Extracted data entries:
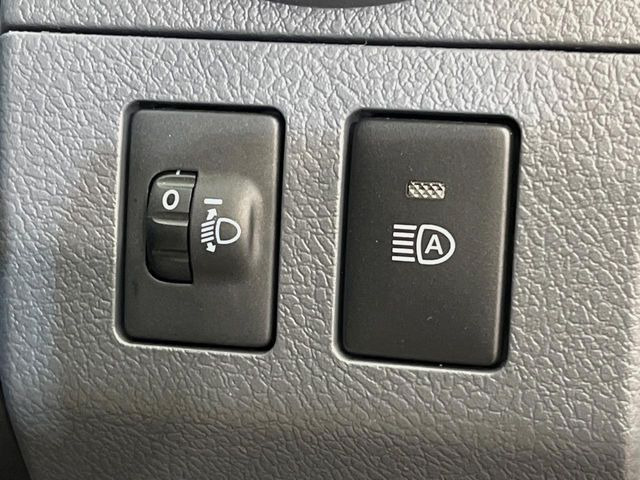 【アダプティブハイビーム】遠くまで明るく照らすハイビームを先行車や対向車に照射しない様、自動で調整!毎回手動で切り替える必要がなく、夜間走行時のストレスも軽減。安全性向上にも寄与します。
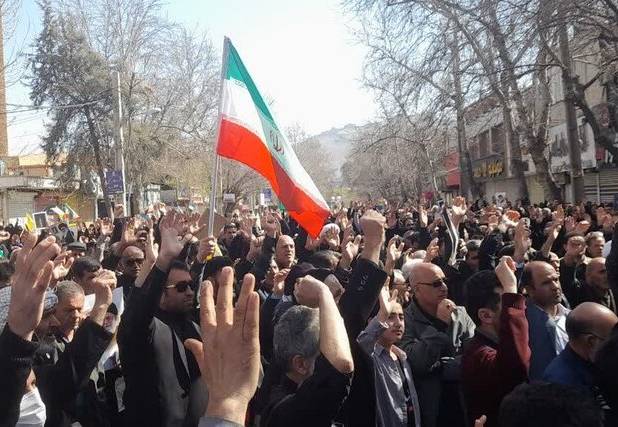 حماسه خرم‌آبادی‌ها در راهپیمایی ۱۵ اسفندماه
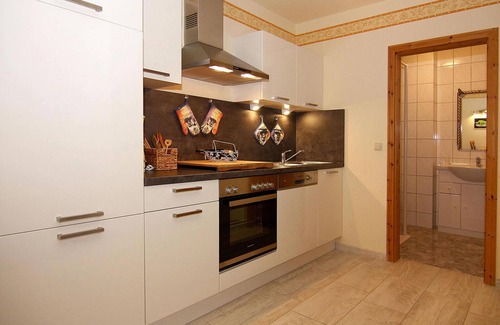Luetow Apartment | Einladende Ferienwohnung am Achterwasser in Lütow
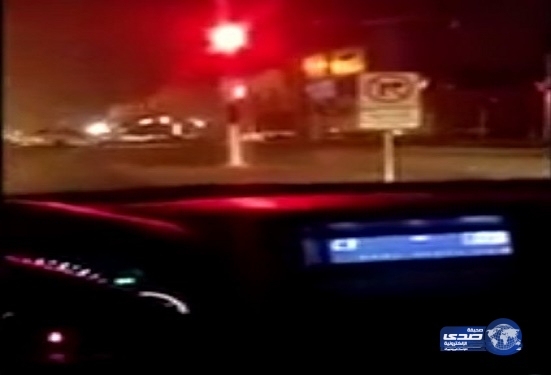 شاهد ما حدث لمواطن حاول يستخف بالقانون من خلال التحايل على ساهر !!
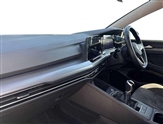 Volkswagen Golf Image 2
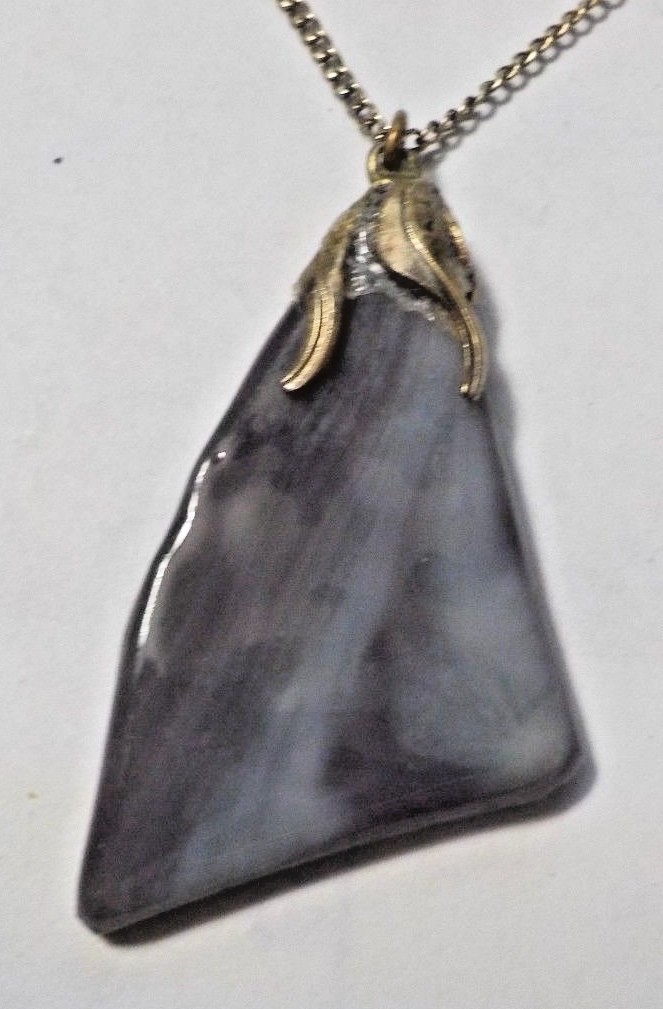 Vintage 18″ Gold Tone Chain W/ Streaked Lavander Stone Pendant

Required work: Starting with the first line of the data above, write out each line exactly up to and including the line that holds "Volkswagen Golf Image 2". Pictures stay out.

Expected output:
 【アダプティブハイビーム】遠くまで明るく照らすハイビームを先行車や対向車に照射しない様、自動で調整!毎回手動で切り替える必要がなく、夜間走行時のストレスも軽減。安全性向上にも寄与します。
 حماسه خرم‌آبادی‌ها در راهپیمایی ۱۵ اسفندماه
Luetow Apartment | Einladende Ferienwohnung am Achterwasser in Lütow
 شاهد ما حدث لمواطن حاول يستخف بالقانون من خلال التحايل على ساهر !!
 Volkswagen Golf Image 2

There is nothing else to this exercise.